The IRN-BRU brand continued to benefit from significant advertising support across all major media platforms and particularly benefited from the well-executed "BRU-SKIES" summer promotion, which helped build on the positive impact of the warm summer weather during which we gave away thousands of pairs of free sunglasses. The opportunities to drive further brand growth, by building on a loyal base of consumers in Scotland and geographical expansion with an increasing awareness and loyalty in the North of England, as well as innovation, will remain our main focus.
IRN-BRU Sugar Free, in line with our strategy, will continue to be exploited as a major growth opportunity across the U.K. and has received a further packaging and branding refresh in recent months. It is our aim to grow our Sugar Free brands ahead of our total growth. Following our successful launch of Rubicon ice cream, we have fully developed a further ice cream treat under the IRN-BRU brand which was launched in February 2014. We expect this product to add further brand value and deliver additional sales potential across 2014.
Exotics - Rubicon and KA
Following several years of significant growth, it has been a more modest year for our exotics brands, Rubicon and KA. Total Rubicon brand sales continued to grow, with stills drinks growth of 4.0% and carbonates achieving marginal growth. The past 12 months has seen a period of intense competitor activity, as a number of competing carbonate brands launched exotic flavours in response to the success of Rubicon. We have weathered the storm well and have continued to increase our brand development investment and Rubicon is well positioned to regain its growth momentum in 2014. We have completed a full artwork refresh, which will ensure the brand stands out more on shelf and we also aired national television advertising across 2013, to help broaden awareness and credibility of the brand with a wider audience. We continue to believe that this strong combination of product quality, innovation and brand recognition will ensure that Rubicon continues its positive growth trajectory to drive our exotics portfolio.

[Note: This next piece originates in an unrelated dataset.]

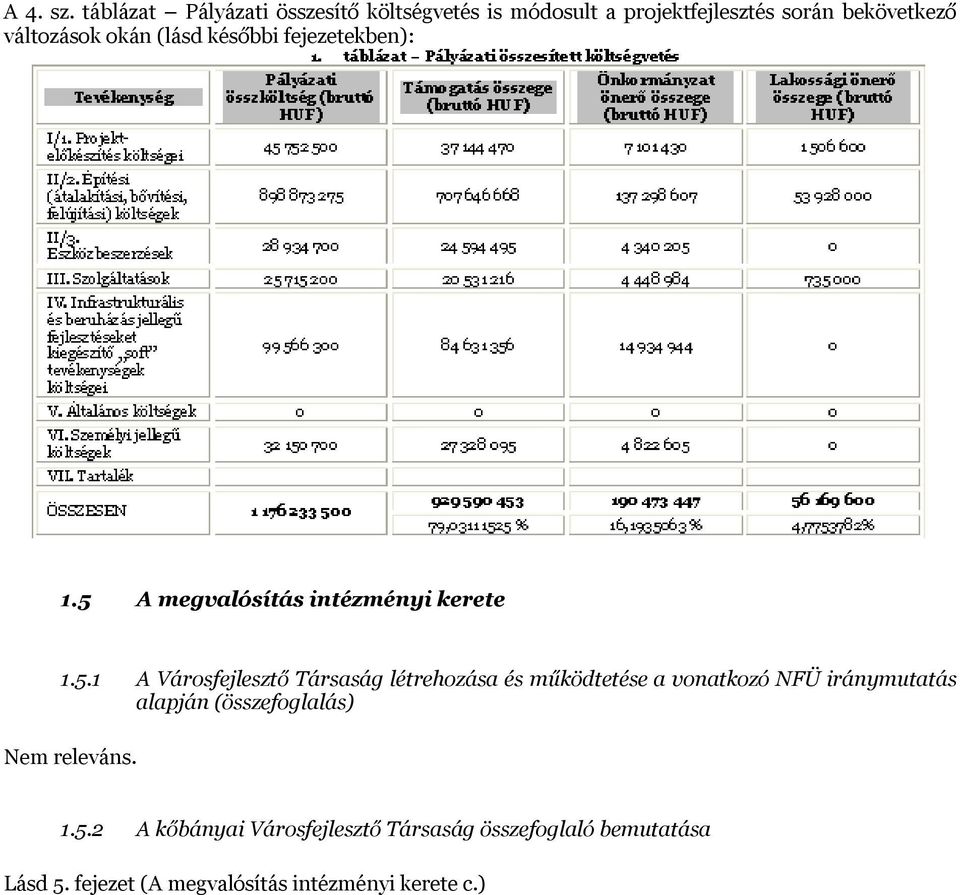 okán (lásd későbbi fejezetekben): 1.5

In mainland Europe and Scandinavia, Rubicon is an untapped source of future potential. Currently 5% of the Rubicon brand sales come from these territories with growth last year of 6.5%.
Barr Brands
The Barr range posted growth of 3.2% and further demonstrated its flexibility and potential through innovation and distribution growth. Across the year the brand growth was impacted by actions taken to phase out some flavours in advance of the planned merger with Britvic plc. We have now however successfully reversed these actions and, in addition, introduced a Bubblegum flavoured soft drink to the Barr portfolio. Initially launched as a special pack, Bubblegum is now a new permanent range extension following its success and feedback from our consumers. This, together with the development of an additional cola product - Barr XTRA Cola - for 2014, leaves us confident that Barr will regain its strong growth momentum.
Rockstar
The Rockstar brand continued to go from strength to strength in 2013, supported by the development and subsequent launch of a number of new flavours and pack designs. The energy market has slowed down significantly in overall terms from its growth high points, however Rockstar has continued to appeal to increasing numbers of consumers with growth of over 60%, as distribution levels continue to build across the U.K. This brand, like the category, will continue to rely on innovation and excitement around the category to generate further growth but Rockstar is now an important component of the A.G. BARR portfolio and consumer offering.
Strathmore
Strathmore, in tandem with the wider market as a whole, enjoyed good growth of 9.3%. Within this, 7.3% has come from volume and encouragingly value was driven by incremental listings in the flavoured water variant Strathmore Twist. Strathmore continues to enjoy a leading position within the on-trade and has a strong platform to develop in 2014, specifically with our Commonwealth Games sponsorship activity.
Route to Market
We continue to believe that developing our various route to market strategies and executing them with excellence is a core area of competence which presents exciting further potential for A.G. BARR. As an example of the many actions we are taking to improve our executional capability, we initiated the centralisation of our in-house telesales operation in the second half of 2013. This operation supports our impulse customers and has historically been based at six sites across the U.K. Following employee consultation, we have announced that this important business process will be fully centralised by mid 2014, with new premises and technology to support the development of our important impulse business.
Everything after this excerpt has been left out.